Идет набор шизоблоков: проплачено Западом, воровали и всегда будут воровать, с этим ничего не сделаешь
Конечно, это результат пропагандистской работы. Даже в отделении мы с полицейским разговаривали – просто идет набор таких шизоблоков: проплачено Западом, воровали и всегда будут воровать, с этим ничего не сделаешь. Я даже начал что-то говорить, а потом чувствую, что у меня просто нет сил по сто раз переубеждать человека. Хотя многие полицейские пытались диалог завязать, послушать позицию. Одна девочка по-доброму пыталась меня переубедить, и я, конечно, поблагодарил ее за усилия. Но сложно работать и выполнять какие-то действия, которые противоречат твоим внутренним убеждениям и мироощущению. Наверное, бытие определяет сознание.
– То есть силовики считают, что они на стороне добра и они лупят зло своими дубинками?
– Ну да. Даже вот эта фотография очень показательная. Для полной картинки не хватает, конечно, видеть людей, которые сидели в зале напротив этого омоновца. Там молодежь 25 лет, а мужику, очевидно, под 50. И он стесняется, боится показать свое лицо, в помещении сидит в балаклаве, жара. Показательно же очень. Навальный очень много говорил про страх, и это – одна из иллюстраций этого страха. Хотя, я не знаю, чего они боятся-то? Пластиковых стаканчиков в голову? Никто не кидается на ОМОН, кроме этих непонятных видеороликов, очевидно постановочных. Может, их накачивают, объясняя, что среди тех, кто выходят протестовать, есть какие-то убийцы и им стоит серьезно опасаться за свою жизнь?..
– Появилось много фотожаб на ваш снимок...
Я опубликовал картинку, и прошло минут 40, смотрю – менты идут, в телефоны уставившись, друг другу показывают и хохочут
– Ну, забавные. Мне больше нравится то, как это разошлось. Раньше, если ты автор и тебе нужно получить аудиторию, то у тебя должен был быть посредник в виде средств массовой информации, а сейчас с социальными сетями ты минуешь этот этап. Я опубликовал картинку, и прошло минут 40, смотрю – менты идут, в телефоны уставившись, друг другу показывают и хохочут, и наши ребята, которые сидят, тоже начинают смотреть в телефон, потом смотреть на меня. И прибежал омоновец, злой такой, он не понял кто это снял, обратился в ту часть этого зала, откуда снимали, как он понял: "Вот, вы тайком!.. И вообще, это все очень!.. Короче, плохо!" И убежал, я подумал, чуть ли не плакать. Он очень был оскорблен. Конечно, прекрасно было бы ответить ему в этот момент: "Чувак, извини, ничего личного. Я делаю свою работу!"

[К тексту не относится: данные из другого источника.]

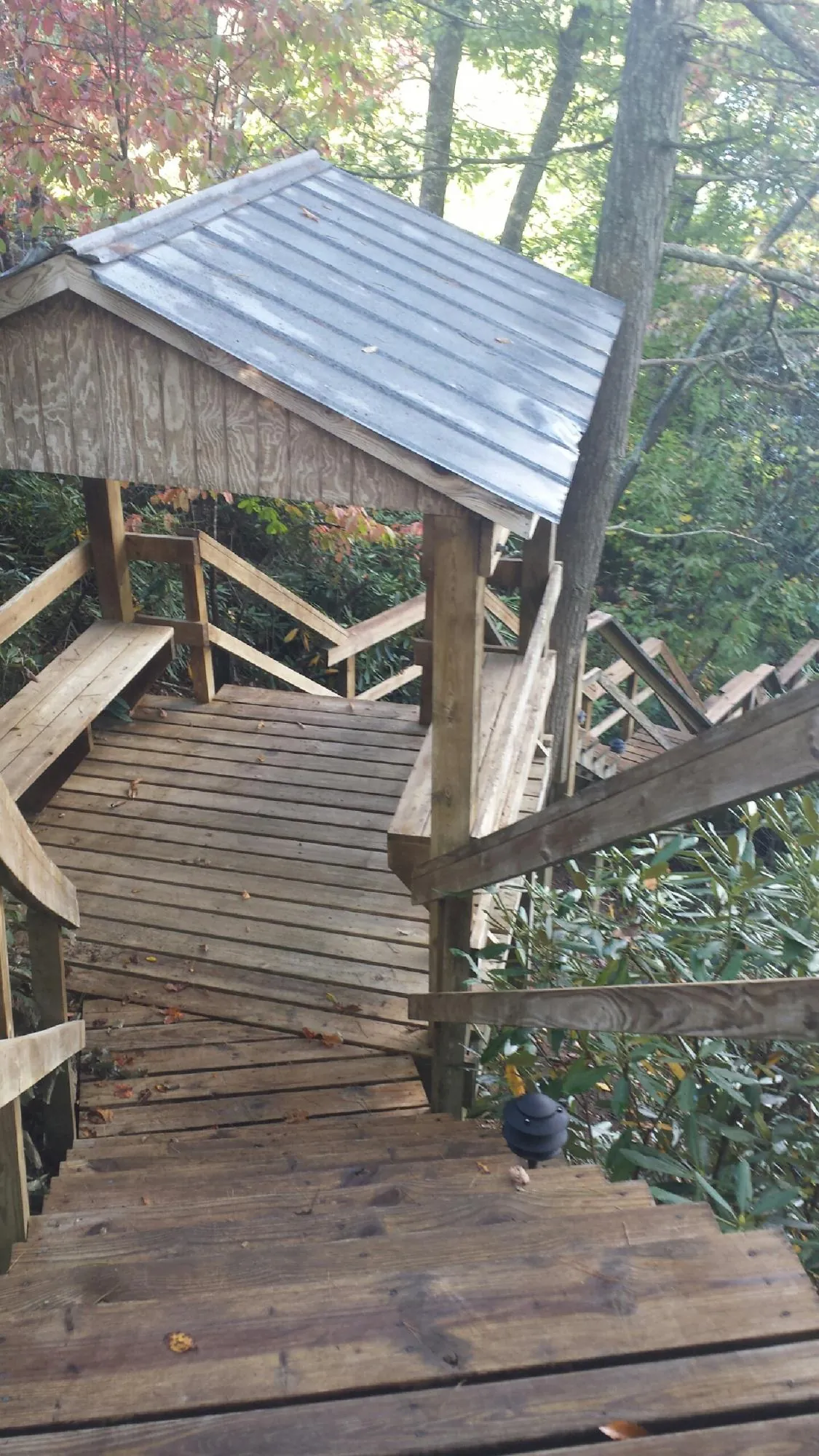 Metal roofed shelter over wooden steps on a wooded walkway — Skylight Repair & Installation work by our crew in Virginia City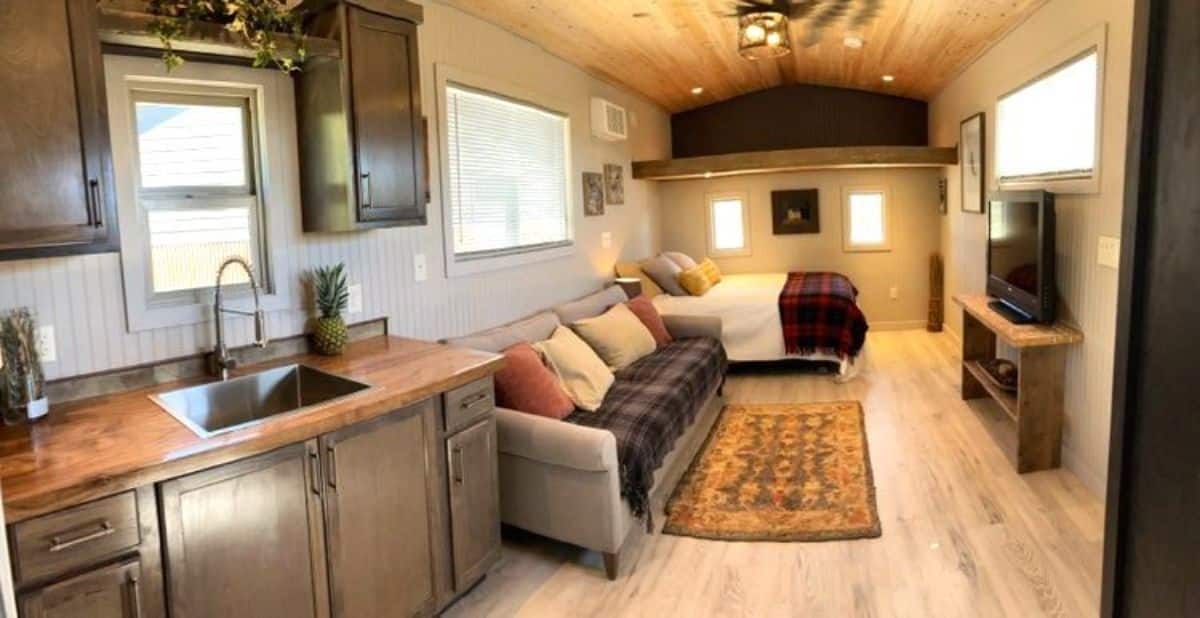 full length interiors of custom mobile home from main door view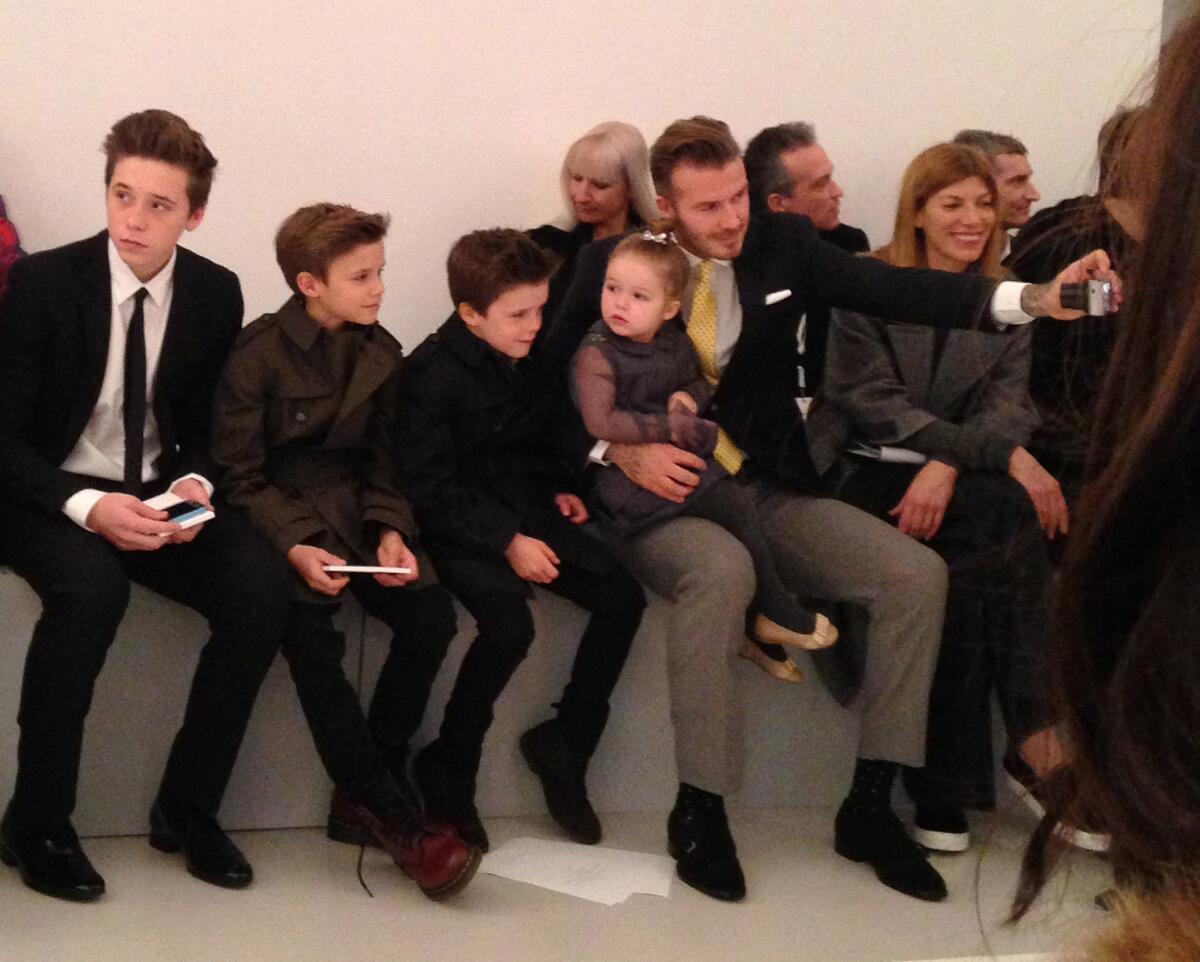 David Beckham takes a photo of his four children in the front row before the Victoria Beckham's show. Daughter Harper is in his lap, and sons Brooklyn, left, Romeo and Cruz sit alongside.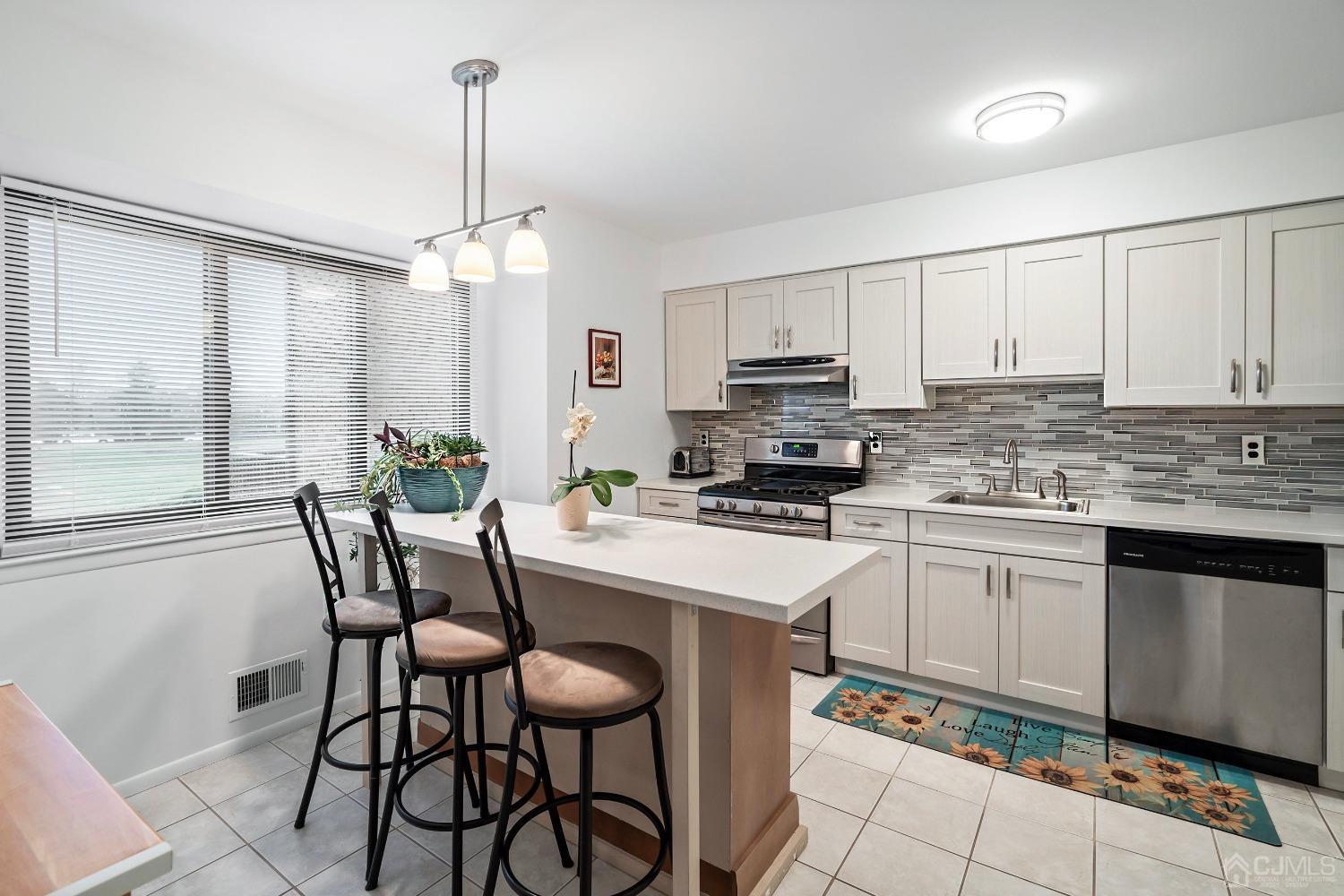 606 Robin Road Hillsborough, NJ 08844 - Photo 6 of 20 a kitchen with stainless steel appliances kitchen island granite countertop a sink a stove a dining table and chairs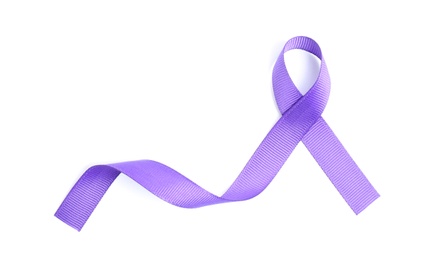 Photo of Purple awareness ribbon on white background, top view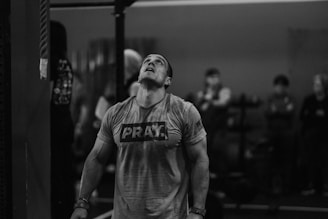 a man standing in a gym holding a barbell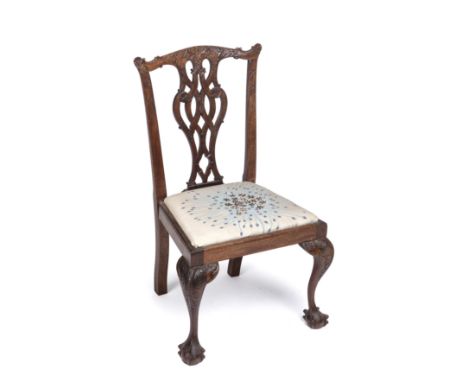 A Victorian Chippendale style mahogany child's chair with pierced splat back, cabriole legs and claw and ball feet, 45cm wide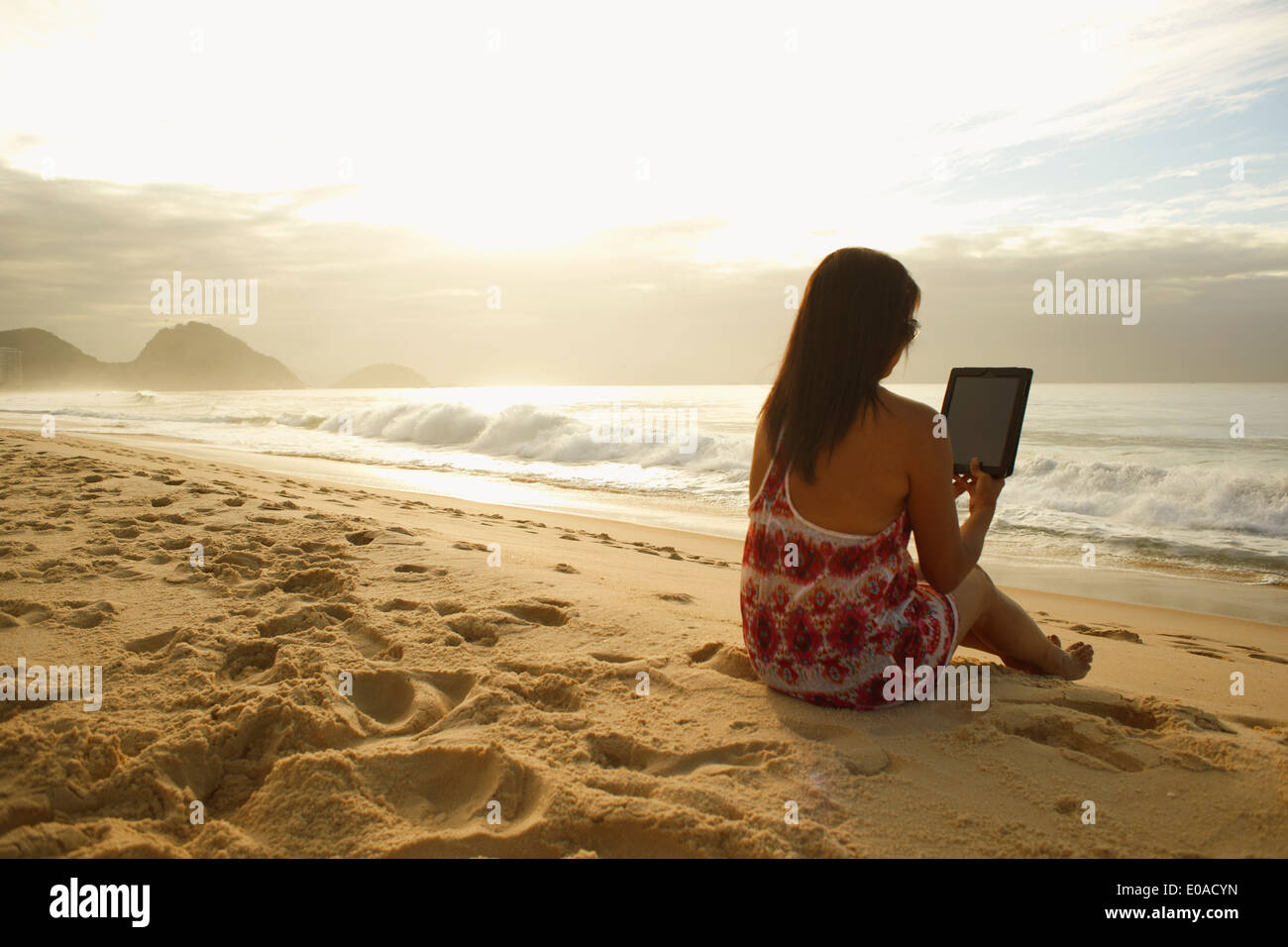 Mature woman using digital tablet on Copacabana beach, Rio De Janeiro, Brazil Stock Photo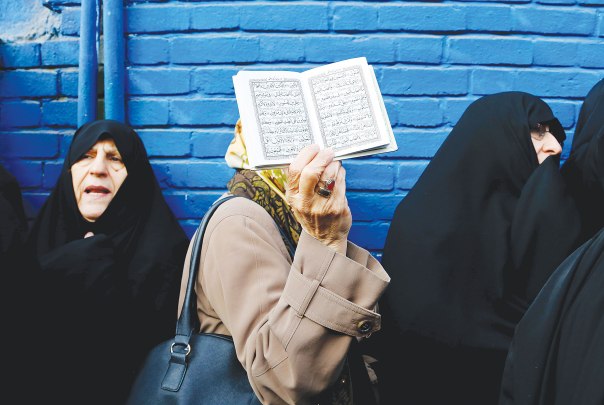 "לאיסלאם יש סיכוי גדול יותר לעבור רפורמה מאשר ליהדות האורתודוקסית" מפגינה שבידה ספר הקוראן, איראן 2015 צילום: אי.פי.אי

– Собираетесь еще участвовать в акциях протеста?
– Да, наверное. Получить уголовку за многократные административные нарушения – тоже есть перспектива, и этого, конечно, не хочется. Как журналист, как фотограф я точно продолжу в этом участвовать, и это одна из форм моей поддержки протеста. И конечно, я буду поддерживать ФБК.